# HELP! When both sides have cheated...



## JeepWrangler (Aug 19, 2012)

Hello! First time posting about anything like this but I am lost in what I should do and looking to get some outside opinions…

First my wife and I have been together for 8 years and married for 3. We have lived together for 5 years. I am 31 and she is 33. I found out a few months ago that she had cheated soon after we were married with someone that she works with. She states that it was only one time and there was no emotional attachment between the two when I confronted her about it. There were e-mail’s exchanged between the two for a while. In the past it has been brought to my attention that she has cheated before, including hooking up with a good friend of mine despite her telling me “that’s all it was.” She denies any of the other people I confronted her about. 

On the flip side, I am no angel as well as I have had a few slip ups while we were together, including one person while we were married. 

She is constantly telling me that people make mistakes and trying to stay together but I think that we have shown so much infidelity that it is time for both of us to move on and figure this out. Once I laid out the divorce card she is trying everything in her power to keep me around. We have essentially separated in a sense but living under the same roof because neither of us can make a decision on what to do?

Any thoughts? :scratchhead:


----------



## theroad (Feb 20, 2012)

Get the book Surviving An Affair by Dr Harley.

Read it together. Learn how to have boundaries such as no opposite sex friends, no girls nights out, etc. Learn how to meet each other's needs.

Learn how to repair the broken trust.

You both don't know how to be good spouses. Just moving to the both of your's next victims.

Yes next victims. Both don't know how to have a healthy relationship. Only thing that a D will do is allow the both of you to "F" up your next marriage because you don't know how to have and protect a healthy relationship.


----------



## warlock07 (Oct 28, 2011)

Does she know of your affairs?


----------



## frozen (Mar 5, 2012)

You both will need to do so much to build/rebuild trust in the marriage. Did she ever have your trust & vice versa? Did you both come into the marriage with many past relationships and sexual experiences? If so, how did those end?


----------



## happyman64 (Jan 12, 2012)

TheRoad is right!

The two of you need to grow up, figure out if you love each other and if you do finally commit yourselves to your marriage and each other.


----------



## Complexity (Dec 31, 2011)

Agree with Warlock, you need to confess your past infidelity first.


----------



## TCx (Dec 15, 2011)

IMHO, you are actually well suited for each other and I don't mean that in a bad or judgemental way.
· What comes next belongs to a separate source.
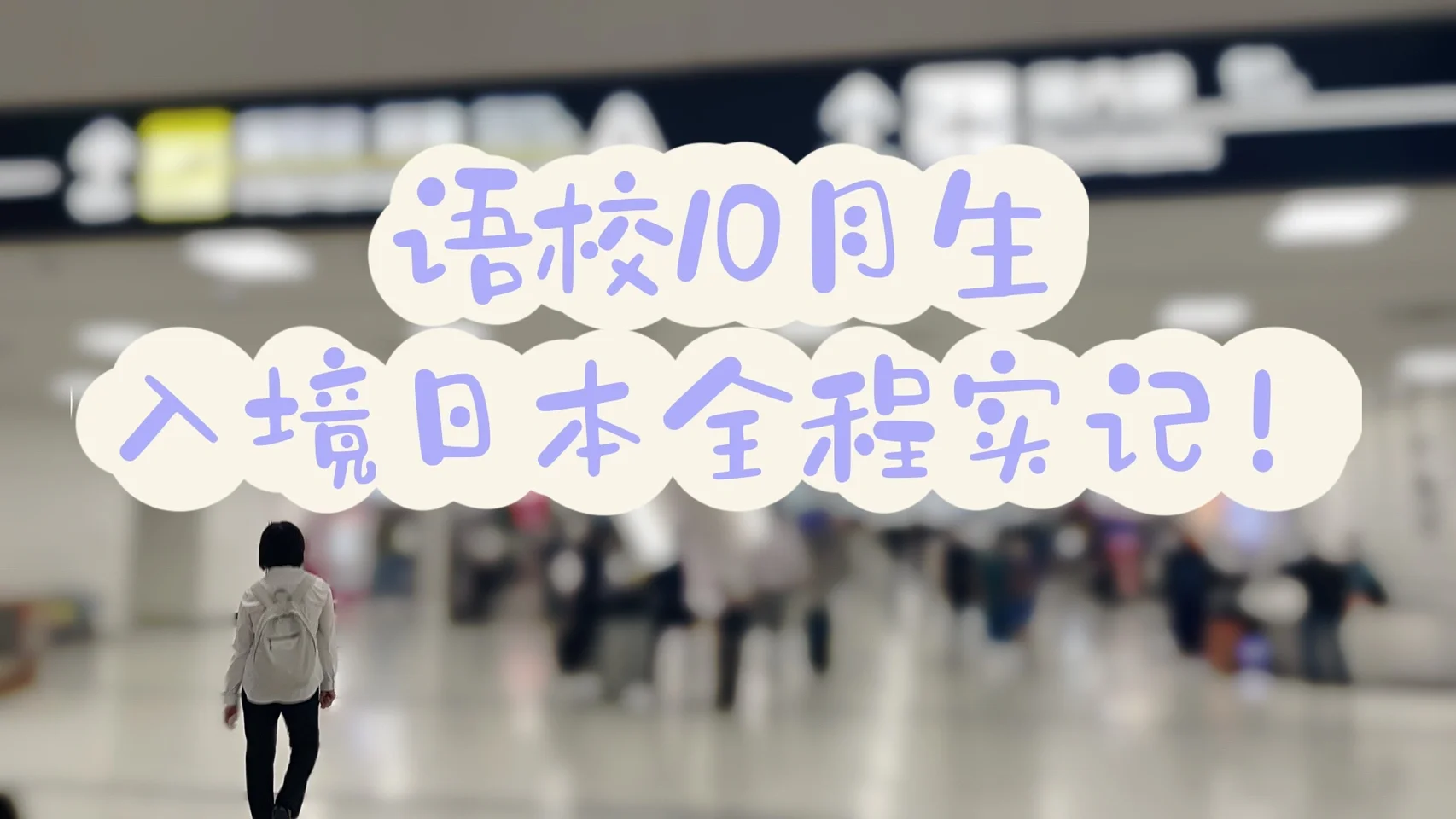 校语安卓版传奇世界安卓版-第2张图片-太平洋在线下载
You both have experience as a BS and a WS; this gives each of you an uncommon understanding of what each of you are going through, something that 99% of the people on this site have no insight into. What you haven't done is figured out *why* each of you cheats.
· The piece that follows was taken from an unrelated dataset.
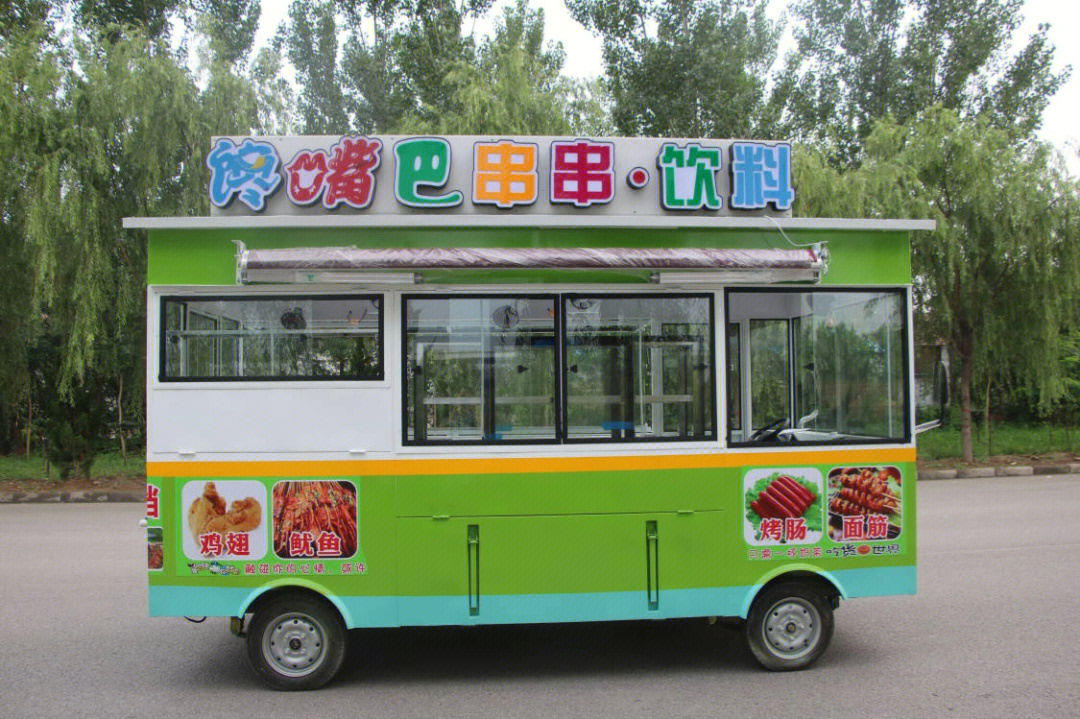 小吃车电动四轮早餐车夜市地摊摆摊车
As for confessing your A; I'm not so sure about this. Many experts say that disclosing an A can be the worst thing for a marriage.

However, if she does know about your A, then that is awesome because it means that you two can be honest with each other.

How about you stop making this an exercise of, "Should we stay together or separate?" and make it a game of "why do we cheat?"

Both of you think about that and then come together and talk about it. You start off by telling her one reason why you cheat. Discuss it; can it be fixed? Then she tells you one. Discuss it; can it be fixed? Then you tell her one, etc, etc.

Create rules for the game, like having bull**** clauses. And the following responses are not allowed:

I was drunk - okay, that was your excuse, why did you get drunk in the first place to use as an excuse to do it?
I was lonely - bull**** - why were you lonely?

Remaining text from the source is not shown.